# Author detection

After the date detection from the first notebook in this series, we try to detect the span of the authors of the publication and use the same cell setup as before: three stages for the train, validation and test sets.

We use a simple paradigm for the detection of `Author`: boundary matching. Here, we try to detect not the content of the author span, but only its boundaries, which are then simply connected. The authors are normally listed at the beginning of a reference. For the end (`AuthorStop`), we combine some indicators like `Date` annotation, `PERIODs` and `COLONs`. Additional wordlists help to disambiguate spans that actually refer to something else, like editors.

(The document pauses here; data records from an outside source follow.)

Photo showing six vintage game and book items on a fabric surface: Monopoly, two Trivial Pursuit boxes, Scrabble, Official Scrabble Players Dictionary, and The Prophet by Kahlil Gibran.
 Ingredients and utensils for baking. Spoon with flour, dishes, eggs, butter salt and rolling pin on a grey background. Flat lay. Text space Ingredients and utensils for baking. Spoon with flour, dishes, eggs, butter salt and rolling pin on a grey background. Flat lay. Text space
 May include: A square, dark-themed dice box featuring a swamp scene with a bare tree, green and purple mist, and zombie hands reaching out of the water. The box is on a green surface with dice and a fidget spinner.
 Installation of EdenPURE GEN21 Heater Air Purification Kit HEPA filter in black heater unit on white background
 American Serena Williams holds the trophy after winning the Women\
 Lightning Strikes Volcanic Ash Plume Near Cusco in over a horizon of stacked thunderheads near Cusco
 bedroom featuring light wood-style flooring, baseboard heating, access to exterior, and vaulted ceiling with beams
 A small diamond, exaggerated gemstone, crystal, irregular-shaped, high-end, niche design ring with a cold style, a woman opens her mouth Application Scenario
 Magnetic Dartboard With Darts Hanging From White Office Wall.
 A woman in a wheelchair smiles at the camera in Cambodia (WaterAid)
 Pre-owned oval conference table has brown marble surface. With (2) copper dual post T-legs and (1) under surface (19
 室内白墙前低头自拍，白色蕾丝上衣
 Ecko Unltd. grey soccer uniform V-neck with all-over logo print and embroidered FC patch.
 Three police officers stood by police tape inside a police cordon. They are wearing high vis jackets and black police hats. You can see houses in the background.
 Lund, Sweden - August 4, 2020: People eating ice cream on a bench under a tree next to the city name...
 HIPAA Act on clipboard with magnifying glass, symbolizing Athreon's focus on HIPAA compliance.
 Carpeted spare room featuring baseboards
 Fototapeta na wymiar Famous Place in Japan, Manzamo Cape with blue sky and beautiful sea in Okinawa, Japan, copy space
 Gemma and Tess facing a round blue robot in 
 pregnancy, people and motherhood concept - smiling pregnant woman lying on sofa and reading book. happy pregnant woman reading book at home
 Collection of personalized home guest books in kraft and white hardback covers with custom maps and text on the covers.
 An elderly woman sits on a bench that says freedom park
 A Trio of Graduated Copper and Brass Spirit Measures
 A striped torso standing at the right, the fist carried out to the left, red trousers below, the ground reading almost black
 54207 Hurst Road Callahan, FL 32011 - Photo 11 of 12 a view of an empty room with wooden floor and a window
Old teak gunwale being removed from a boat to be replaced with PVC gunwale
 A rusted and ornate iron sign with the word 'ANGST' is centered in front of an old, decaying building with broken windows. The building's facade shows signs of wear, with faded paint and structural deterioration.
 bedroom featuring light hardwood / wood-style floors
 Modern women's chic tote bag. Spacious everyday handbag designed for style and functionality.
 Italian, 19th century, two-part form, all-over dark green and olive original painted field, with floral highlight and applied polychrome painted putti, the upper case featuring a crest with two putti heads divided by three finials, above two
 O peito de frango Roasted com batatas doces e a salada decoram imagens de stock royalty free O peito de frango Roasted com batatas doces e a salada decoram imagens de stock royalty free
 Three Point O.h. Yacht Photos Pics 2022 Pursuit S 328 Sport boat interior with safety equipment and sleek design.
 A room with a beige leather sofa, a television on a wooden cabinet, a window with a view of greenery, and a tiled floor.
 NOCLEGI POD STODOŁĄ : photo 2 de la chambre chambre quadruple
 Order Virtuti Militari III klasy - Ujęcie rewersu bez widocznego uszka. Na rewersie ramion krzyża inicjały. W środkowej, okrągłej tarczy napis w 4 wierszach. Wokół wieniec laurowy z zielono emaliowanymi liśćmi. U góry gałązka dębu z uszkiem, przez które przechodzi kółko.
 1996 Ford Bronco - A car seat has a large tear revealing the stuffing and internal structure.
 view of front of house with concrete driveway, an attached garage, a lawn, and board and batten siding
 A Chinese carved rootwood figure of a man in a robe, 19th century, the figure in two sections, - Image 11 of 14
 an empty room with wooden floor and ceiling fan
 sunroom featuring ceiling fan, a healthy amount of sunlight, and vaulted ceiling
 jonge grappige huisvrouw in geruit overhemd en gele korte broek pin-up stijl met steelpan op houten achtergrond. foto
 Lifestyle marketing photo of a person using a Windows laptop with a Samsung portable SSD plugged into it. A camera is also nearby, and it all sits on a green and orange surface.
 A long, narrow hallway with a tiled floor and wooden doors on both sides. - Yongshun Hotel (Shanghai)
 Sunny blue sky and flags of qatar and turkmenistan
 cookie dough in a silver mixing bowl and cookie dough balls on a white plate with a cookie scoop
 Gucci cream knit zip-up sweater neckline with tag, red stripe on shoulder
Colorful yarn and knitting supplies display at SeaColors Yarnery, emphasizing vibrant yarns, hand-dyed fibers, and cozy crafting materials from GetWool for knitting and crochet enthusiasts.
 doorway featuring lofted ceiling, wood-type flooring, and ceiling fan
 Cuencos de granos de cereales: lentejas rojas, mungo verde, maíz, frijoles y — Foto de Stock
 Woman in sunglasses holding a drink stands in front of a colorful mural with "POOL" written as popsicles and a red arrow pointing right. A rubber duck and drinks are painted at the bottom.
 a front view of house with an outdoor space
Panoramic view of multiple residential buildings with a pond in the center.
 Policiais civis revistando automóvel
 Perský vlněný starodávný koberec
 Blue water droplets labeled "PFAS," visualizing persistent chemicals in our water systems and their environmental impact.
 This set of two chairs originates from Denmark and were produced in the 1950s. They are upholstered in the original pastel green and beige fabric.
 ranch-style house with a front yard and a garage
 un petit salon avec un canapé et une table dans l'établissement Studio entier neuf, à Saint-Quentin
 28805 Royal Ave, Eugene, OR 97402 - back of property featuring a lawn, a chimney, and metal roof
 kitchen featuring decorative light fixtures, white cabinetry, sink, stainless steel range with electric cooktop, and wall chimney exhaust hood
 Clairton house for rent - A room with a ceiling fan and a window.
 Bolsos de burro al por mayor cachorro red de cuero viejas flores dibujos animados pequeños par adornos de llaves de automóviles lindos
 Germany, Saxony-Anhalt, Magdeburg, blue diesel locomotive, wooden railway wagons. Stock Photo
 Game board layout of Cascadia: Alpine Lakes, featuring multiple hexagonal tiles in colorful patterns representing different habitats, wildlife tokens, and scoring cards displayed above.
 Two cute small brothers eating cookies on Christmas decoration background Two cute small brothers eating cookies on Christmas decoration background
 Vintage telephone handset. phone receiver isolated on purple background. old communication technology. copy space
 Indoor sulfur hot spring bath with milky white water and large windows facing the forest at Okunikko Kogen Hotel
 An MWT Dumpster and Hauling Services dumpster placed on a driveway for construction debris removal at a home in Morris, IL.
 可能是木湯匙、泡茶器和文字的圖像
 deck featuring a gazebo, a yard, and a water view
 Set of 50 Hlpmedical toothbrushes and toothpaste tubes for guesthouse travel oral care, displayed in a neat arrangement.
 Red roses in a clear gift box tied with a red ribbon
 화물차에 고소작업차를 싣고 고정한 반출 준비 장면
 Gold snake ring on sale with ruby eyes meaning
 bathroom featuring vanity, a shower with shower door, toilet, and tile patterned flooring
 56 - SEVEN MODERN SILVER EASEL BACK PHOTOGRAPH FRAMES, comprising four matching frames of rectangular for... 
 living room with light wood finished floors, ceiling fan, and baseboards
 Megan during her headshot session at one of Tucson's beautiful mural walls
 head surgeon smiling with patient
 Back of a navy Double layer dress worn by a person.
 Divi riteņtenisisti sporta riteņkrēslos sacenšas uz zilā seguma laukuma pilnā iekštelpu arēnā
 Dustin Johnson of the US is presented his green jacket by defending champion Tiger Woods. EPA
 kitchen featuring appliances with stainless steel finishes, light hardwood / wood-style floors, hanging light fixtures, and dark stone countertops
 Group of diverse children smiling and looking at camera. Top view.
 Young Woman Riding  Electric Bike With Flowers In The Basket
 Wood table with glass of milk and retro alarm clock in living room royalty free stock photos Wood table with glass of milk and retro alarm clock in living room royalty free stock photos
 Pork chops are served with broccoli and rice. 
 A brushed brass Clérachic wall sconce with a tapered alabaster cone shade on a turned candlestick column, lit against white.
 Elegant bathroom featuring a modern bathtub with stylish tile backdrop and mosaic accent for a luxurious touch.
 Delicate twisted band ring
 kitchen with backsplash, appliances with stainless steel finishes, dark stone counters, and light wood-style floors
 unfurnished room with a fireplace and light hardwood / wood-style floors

The Ruta script for detecting dates need to be executed before running this script.

#### Let's first inspect a single training example with gold standard information

In [None]:
%displayMode RUTA_COLORING
%loadCas data/train/A00-1042.txt.xmi
%typeSystemDir typesystems/
TYPESYSTEM ReferencesTypeSystem;
COLOR(Author,"lightgreen");

#### Let's now write some rules to detect authors

In [None]:
%inputDir data/test
%outputDir temp/out_author_train

// Evaluation mode for Author annotations
%displayMode EVALUATION
%evalTypes Author

// Correct paths for resources. The script for detecting Dates has been written to temp/ when executing exercise 1.
%scriptDir temp/
%typeSystemDir typesystems/

// Writing this script and the TypeSystem
%writescript temp/Author.ruta
%saveTypeSystem typesystems/AuthorTypeSystem.xml

TYPESYSTEM ReferencesTypeSystem;
SCRIPT Date;

// Try to find dates if there aren't any yet
Document{-CONTAINS(Date)-> CALL(Date)};

DECLARE FirstInRef, AuthorStopInd, AuthorStop;
DECLARE Initial, EditorInd, NoAuthorInd;

WORDLIST EditorList = "resources/editor_ind.txt";
MARKFAST(EditorInd, EditorList, true);
WORDLIST NoAuthorList = "resources/no_author.txt";
MARKFAST(NoAuthorInd, NoAuthorList, true);

BLOCK(utils) Document{}{
    Reference{-> MARKFIRST(FirstInRef)};
    
    // Detect author initials, e.g. "P."
    CW{REGEXP(".")-> Initial};
    (CW{REGEXP("..")} PERIOD){-> Initial};
    CAP{REGEXP(".{2,3}")-> Initial};
    i:Initial{->i.end=p.end} p:PERIOD; 
    
    // Find the boundary of the Author annotation
    ANY{-> AuthorStopInd} @Date;
    PERIOD{-PARTOF(Initial)-> AuthorStopInd};
    COLON{-> AuthorStopInd};
    as:AuthorStopInd{-> UNMARK(as)} Initial{ENDSWITH(PERIOD)};
}

BLOCK(Author) Reference{}{
   
    # AuthorStopInd{-> AuthorStop};
    
    // Create actual Author annotations
    (FirstInRef # AuthorStop){-> Author};
    
    // Disambiguation of Author annotations based on wordlists
    a:Author{CONTAINS(EditorInd)-> UNMARK(a)};
    a:Author{CONTAINS(NoAuthorInd)-> UNMARK(a)};
}

#### Error analysis on train data set

In [None]:
%inputDir temp/out_author_train
%outputDir temp/unused
%displayMode CSV
%csvConfig BadReference

DECLARE BadReference;
Reference{OR(CONTAINS(FalsePositive),CONTAINS(FalseNegative)),-PARTOF(BadReference)-> BadReference};

COLOR(AuthorStop, "red");
COLOR(TruePositive, "lightgreen");
COLOR(FalsePositive, "lightblue");
COLOR(FalseNegative, "pink");

#### Error analysis on validation data set

In [None]:
%inputDir data/validation
%outputDir temp/out_author_validation
%displayMode EVALUATION
%evalTypes Author

SCRIPT Author;
CALL(Author);

In [None]:
%inputDir temp/out_author_validation
%outputDir temp/unused
%displayMode CSV
%csvConfig BadReference

DECLARE BadReference;
Reference{OR(CONTAINS(FalsePositive),CONTAINS(FalseNegative)),-PARTOF(BadReference)-> BadReference};

COLOR(AuthorStop, "red");
COLOR(TruePositive, "lightgreen");
COLOR(FalsePositive, "lightblue");
COLOR(FalseNegative, "pink");

#### Results on test data set

In [None]:
%inputDir data/test
%displayMode EVALUATION
%evalTypes Author

SCRIPT Author;
CALL(Author);